Mentions: We model a human population with continuous age structure in which individuals of a given age can be in one of the following states: susceptible or not infected (SH), latent infection (EH), infected with symptomatic disease (including severe and clinical cases) (DH), asymptomatic with detectable parasites (AH), and asymptomatic infection with undetectable (subpatent) parasite density (UH). The main distinction between states DH and AH is that individuals in state AH do not prompt treatment that leads to a change in infection state. The state UH is included to account for the fact that measured parasitemia often decays with age, while highly sensitive parasite detection techniques suggest parasitemia continues increasing with age nearing 100% in highly endemic areas [37]. In tandem, we consider a mosquito population whose individuals can be susceptible (SM), exposed (latent) (EM), or infectious (IM). Figure 6 shows the transitions between states in each population (without displaying ageing). Susceptible humans move to latent infection at rate Λ, the force of infection on the human population. Individuals remain in this state for a mean duration 1/h (the mean latent period). A proportion φ develop disease whilst the remainder (1−φ) move to the asymptomatic infection category.
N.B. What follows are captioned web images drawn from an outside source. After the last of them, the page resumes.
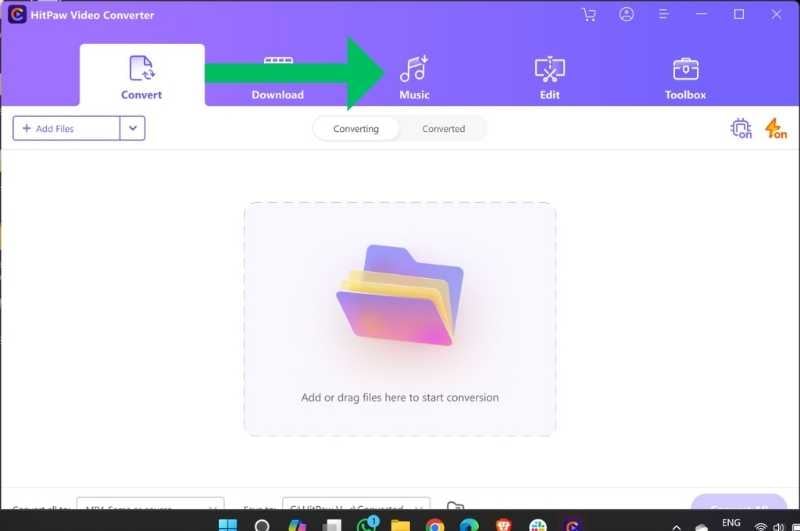 How to Download Podcasts as MP3 Using HitPaw Video Converter 1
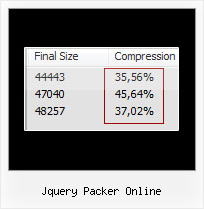 Decompressing Yui Compressed Files jquery packer online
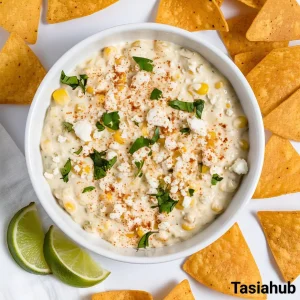 Mexican street corn dip
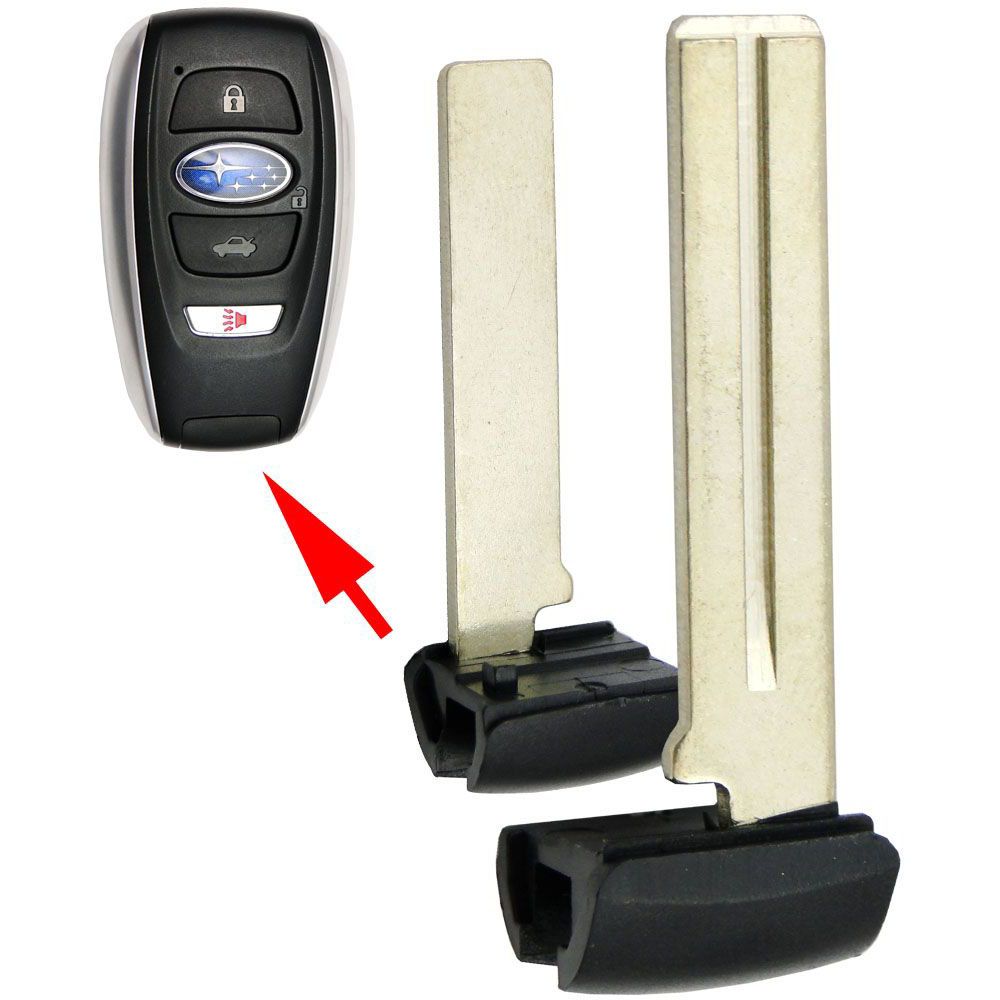 Subaru Smart Remote Emergency Insert Key - Aftermarket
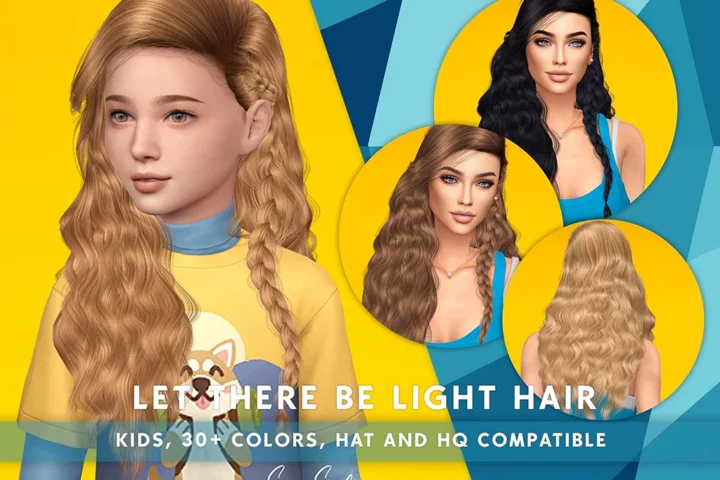 SONYASIMS - LET THERE BE LIGHT HAIR KIDS
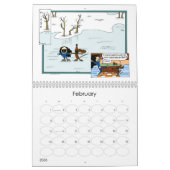 Midge 2017 'Sunday Comics'-kalender Kalender (Feb 2026)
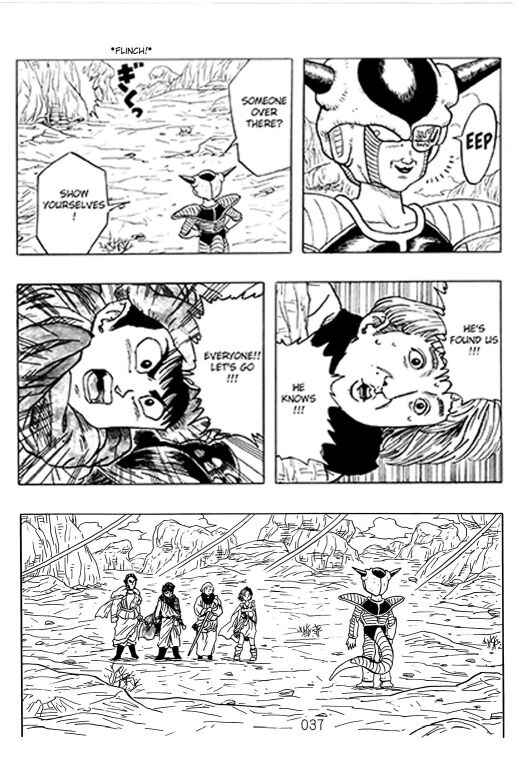 Dragon Ball Sai Chapter 1 - Page 39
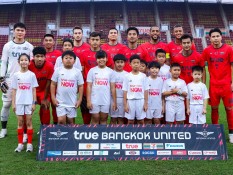 Lemparan Pratama Arhan Bawa Bangkok United Menang di Liga Thailand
A proportion f of symptomatic cases (DH) receive effective drug treatment and recover at rate rT, while the remaining cases recover naturally without treatment at rate rD. If clinical treatment or natural recovery is fully successful at removing parasites (with probability φ), the host returns to the susceptible state and otherwise moves to the asymptomatic state. Asymptomatic infections become subpatent at rate rA, and these subpatent infections are cleared at rate rU with individuals returning to the susceptible state. Those in the asymptomatic state may additionally develop disease through superinfection at rate φΛ. Each human infection state, namely DH, AH, and UH, has a specific level of infectivity (transmission of mature gametocytes) to biting mosquitoes. The full equations for this model and further parameter definitions are given in Protocol S1.


Determination of the processes driving the acquisition of immunity to malaria using a mathematical transmission model.

Filipe JA, Riley EM, Drakeley CJ, Sutherland CJ, Ghani AC - PLoS Comput. Biol. (2007)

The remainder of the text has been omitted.